On Sunday’s This Week, Huckabee said that Obama’s shortcoming was that he had never been a Governor, a Mayor, or even a Sheriff, prior to being President. There is a list on wikipedia of Presidents by prior executive experience. While Obama is notable as only the third President to have no traditional Executive experience before his election to the office, this focus on that aspect of his resume is flawed for several reasons.
First, at some point in the future, the Republicans are going to nominate a legislator for President. The list of potential 2016 candidates includes Senators Kelly Ayotte, John Thune and Marco Rubio, while the Democrats could easily pick current or former executives like Mark Warner, Martin O’Malley, John Hickenlooper, Deval Patrick, Rahm Emanuel, or Andrew Cuomo. So statements made in the current cycle could be used against the party next time.

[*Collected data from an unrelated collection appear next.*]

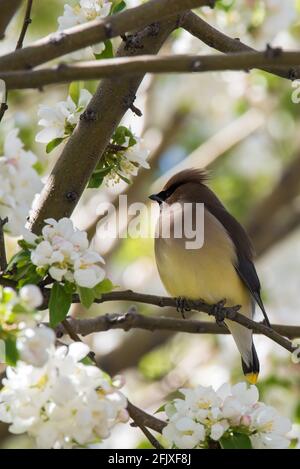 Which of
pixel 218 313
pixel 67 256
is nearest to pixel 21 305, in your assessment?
pixel 67 256

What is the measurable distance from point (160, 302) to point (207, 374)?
3516 mm

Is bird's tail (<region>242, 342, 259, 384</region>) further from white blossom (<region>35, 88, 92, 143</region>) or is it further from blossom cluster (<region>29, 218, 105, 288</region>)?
blossom cluster (<region>29, 218, 105, 288</region>)

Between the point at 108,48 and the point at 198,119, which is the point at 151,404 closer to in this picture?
the point at 198,119

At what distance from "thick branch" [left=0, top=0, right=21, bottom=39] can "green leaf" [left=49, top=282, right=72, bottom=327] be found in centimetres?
79

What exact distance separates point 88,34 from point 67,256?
0.66m

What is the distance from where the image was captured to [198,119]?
26.7 feet

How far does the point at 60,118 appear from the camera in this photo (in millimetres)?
3533

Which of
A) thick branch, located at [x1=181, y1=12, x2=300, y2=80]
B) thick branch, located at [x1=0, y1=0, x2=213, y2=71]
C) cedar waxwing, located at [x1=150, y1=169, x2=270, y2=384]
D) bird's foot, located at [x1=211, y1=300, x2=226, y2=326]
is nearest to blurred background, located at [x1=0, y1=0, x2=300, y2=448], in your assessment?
cedar waxwing, located at [x1=150, y1=169, x2=270, y2=384]

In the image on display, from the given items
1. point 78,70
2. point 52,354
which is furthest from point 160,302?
point 78,70

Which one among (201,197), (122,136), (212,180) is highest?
(212,180)

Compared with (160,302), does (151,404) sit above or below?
above

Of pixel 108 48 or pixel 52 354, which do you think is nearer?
pixel 52 354

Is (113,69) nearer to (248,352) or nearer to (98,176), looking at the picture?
(98,176) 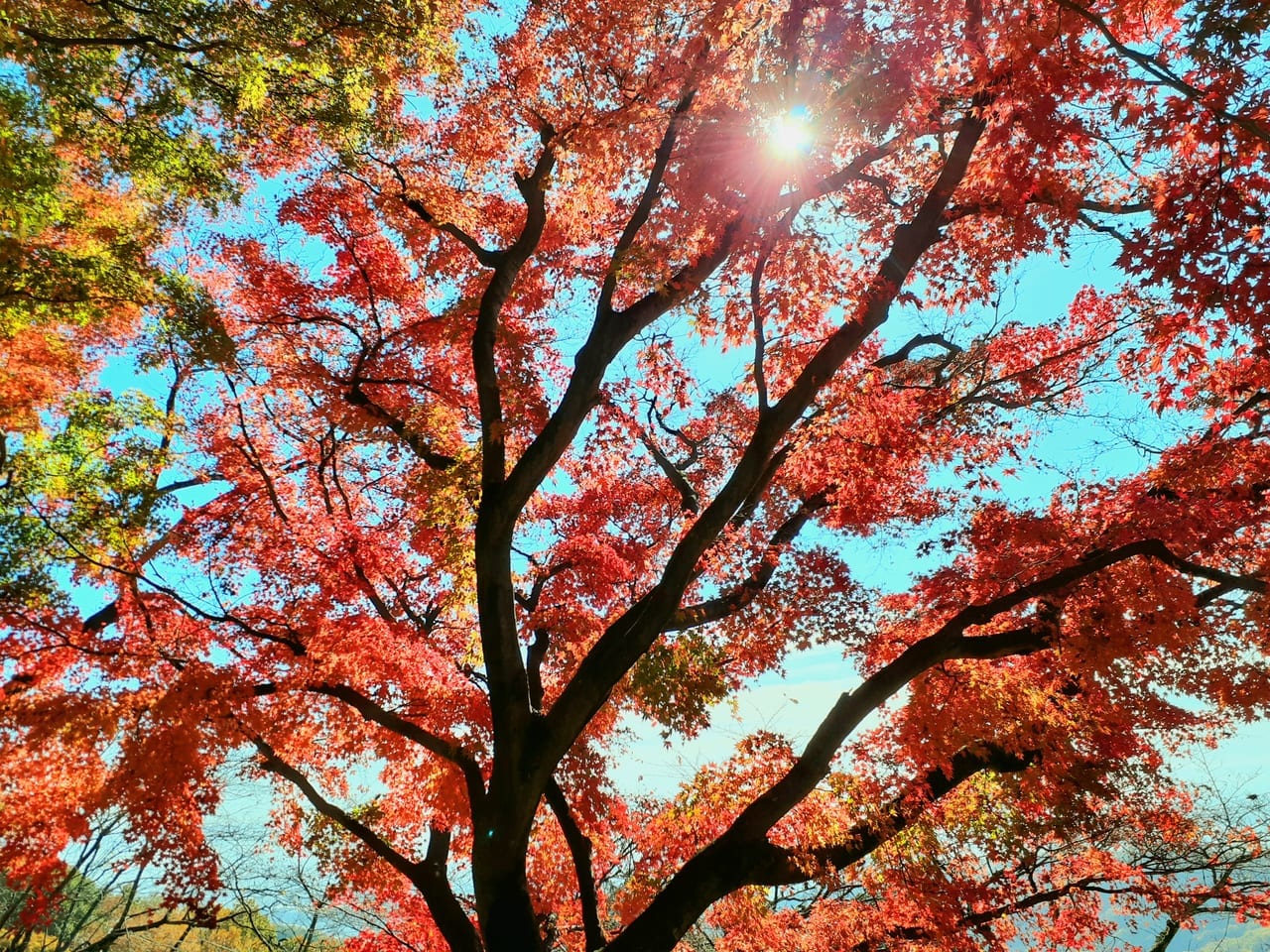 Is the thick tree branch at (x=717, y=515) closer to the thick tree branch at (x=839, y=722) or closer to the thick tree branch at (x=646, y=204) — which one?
the thick tree branch at (x=839, y=722)

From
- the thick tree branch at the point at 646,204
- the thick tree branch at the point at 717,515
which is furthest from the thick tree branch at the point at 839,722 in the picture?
the thick tree branch at the point at 646,204

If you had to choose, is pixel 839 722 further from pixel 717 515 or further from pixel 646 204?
pixel 646 204

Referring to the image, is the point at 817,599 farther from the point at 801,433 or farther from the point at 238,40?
the point at 238,40

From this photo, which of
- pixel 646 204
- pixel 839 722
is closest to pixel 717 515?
pixel 839 722

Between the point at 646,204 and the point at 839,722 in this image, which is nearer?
the point at 839,722

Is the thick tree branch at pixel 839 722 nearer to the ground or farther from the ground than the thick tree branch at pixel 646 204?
nearer to the ground

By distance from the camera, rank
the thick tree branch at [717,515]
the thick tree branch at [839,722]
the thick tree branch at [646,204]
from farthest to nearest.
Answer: the thick tree branch at [646,204] → the thick tree branch at [839,722] → the thick tree branch at [717,515]

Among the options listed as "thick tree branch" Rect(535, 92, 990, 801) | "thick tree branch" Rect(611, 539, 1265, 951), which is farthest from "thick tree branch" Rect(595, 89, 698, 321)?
"thick tree branch" Rect(611, 539, 1265, 951)

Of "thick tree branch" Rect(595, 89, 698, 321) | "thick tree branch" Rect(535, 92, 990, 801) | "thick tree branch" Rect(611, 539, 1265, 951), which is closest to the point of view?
"thick tree branch" Rect(535, 92, 990, 801)

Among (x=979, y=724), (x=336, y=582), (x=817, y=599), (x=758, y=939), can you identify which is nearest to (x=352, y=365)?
(x=336, y=582)

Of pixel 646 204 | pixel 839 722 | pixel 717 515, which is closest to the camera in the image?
pixel 717 515

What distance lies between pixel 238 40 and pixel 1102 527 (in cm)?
1152

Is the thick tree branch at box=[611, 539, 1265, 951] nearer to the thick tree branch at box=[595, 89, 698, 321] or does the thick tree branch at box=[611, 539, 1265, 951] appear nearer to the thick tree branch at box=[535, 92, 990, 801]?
the thick tree branch at box=[535, 92, 990, 801]

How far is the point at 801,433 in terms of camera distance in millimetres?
7539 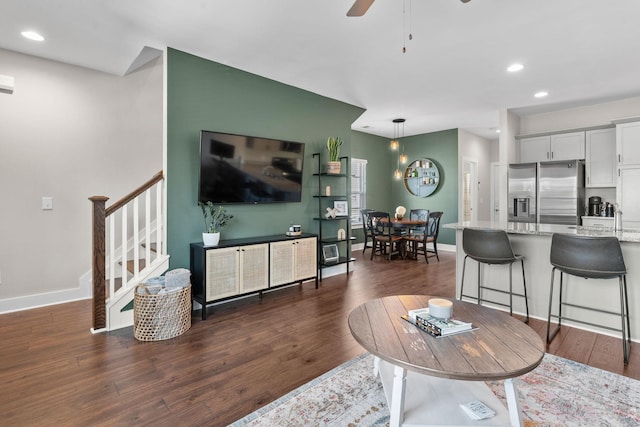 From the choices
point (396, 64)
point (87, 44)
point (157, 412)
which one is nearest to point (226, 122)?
point (87, 44)

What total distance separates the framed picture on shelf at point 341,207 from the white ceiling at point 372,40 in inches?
64.7

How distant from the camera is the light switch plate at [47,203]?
369 cm

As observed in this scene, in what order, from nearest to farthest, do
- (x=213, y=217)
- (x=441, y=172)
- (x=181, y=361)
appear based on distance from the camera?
1. (x=181, y=361)
2. (x=213, y=217)
3. (x=441, y=172)

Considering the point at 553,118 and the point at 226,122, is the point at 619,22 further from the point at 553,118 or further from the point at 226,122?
the point at 226,122

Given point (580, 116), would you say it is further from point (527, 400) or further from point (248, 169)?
point (248, 169)

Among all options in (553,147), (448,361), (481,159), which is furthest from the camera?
(481,159)

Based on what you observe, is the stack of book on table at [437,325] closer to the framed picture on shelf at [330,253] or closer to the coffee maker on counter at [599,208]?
the framed picture on shelf at [330,253]

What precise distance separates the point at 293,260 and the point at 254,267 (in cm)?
58

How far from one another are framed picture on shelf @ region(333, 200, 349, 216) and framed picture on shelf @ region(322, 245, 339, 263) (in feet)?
1.75

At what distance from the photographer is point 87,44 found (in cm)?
327

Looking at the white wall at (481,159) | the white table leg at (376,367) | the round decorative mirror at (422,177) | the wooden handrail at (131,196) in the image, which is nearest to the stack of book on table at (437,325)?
the white table leg at (376,367)

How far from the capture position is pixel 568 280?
311 centimetres

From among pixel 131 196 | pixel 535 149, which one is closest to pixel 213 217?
pixel 131 196

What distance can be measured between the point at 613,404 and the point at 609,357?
768 mm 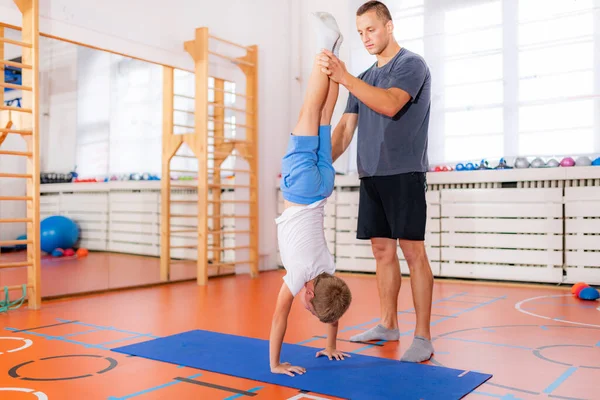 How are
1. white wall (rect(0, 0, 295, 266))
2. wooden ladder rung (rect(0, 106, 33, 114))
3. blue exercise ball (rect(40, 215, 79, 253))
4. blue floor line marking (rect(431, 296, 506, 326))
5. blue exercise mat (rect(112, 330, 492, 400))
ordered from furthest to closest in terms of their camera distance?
white wall (rect(0, 0, 295, 266)) < blue exercise ball (rect(40, 215, 79, 253)) < wooden ladder rung (rect(0, 106, 33, 114)) < blue floor line marking (rect(431, 296, 506, 326)) < blue exercise mat (rect(112, 330, 492, 400))

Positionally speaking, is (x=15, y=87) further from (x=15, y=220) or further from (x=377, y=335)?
(x=377, y=335)

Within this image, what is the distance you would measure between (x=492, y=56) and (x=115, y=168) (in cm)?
372

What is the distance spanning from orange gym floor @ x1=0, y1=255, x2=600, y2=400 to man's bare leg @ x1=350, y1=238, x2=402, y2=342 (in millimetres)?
73

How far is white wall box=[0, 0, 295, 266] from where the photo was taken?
4.45 meters

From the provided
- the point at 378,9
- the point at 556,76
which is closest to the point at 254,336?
the point at 378,9

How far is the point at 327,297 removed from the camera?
229 cm

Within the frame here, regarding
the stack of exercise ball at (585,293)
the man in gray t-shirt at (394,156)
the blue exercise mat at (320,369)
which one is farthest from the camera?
the stack of exercise ball at (585,293)

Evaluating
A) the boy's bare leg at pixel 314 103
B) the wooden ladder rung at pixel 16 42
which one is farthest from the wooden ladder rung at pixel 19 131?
the boy's bare leg at pixel 314 103

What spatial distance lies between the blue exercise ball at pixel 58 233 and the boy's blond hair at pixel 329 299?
104 inches

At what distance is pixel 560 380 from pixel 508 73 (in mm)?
3831

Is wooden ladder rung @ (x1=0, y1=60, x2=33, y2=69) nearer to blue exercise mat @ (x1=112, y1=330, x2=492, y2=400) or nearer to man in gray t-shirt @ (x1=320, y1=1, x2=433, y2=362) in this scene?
blue exercise mat @ (x1=112, y1=330, x2=492, y2=400)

Conservative primary voters might also take the rationale seriously, and vote against the superior candidate the next time around, backing a subpar Governor over an impressive Senator, because leaders they had trusted said that executive experience was all important. As Rick Perry demonstrated, candidates with impressive leadership credentials could be woefully unfamiliar with events outside of his sphere of influence.

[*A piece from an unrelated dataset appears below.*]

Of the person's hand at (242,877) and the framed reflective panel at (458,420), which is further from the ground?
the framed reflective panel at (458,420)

It’s likely that most voters would interpret the focus on executive experience as a matter of convenience, rather than anything consequential. In this case, the distraction just serves to make voters more cynical overall. The praise of individuals without any knowledge of Washington might also turn off voters, as it could be a spun as a symptom of the problems of the Republican party. That could tie Mitt Romney to some of the least popular figures in the party.
The major problem with the executive experience argument is that Mitt Romney isn’t running against Senator Obama Circa 2008. He’s running against an Incumbent President, who has the requisite Executive experience. By the time his second term would begin, he would have been president of the entire country as long as Romney was Governor of about one-fiftieth of the population.
Focusing on the difficulties of the Presidency can backfire by reminding the voters that Romney will have more of a learning curve than Obama. It can also be used to excuse some of Obama’s mistakes, as an argument that Republicans are implicitly acknowledging that his second term would be better than his first.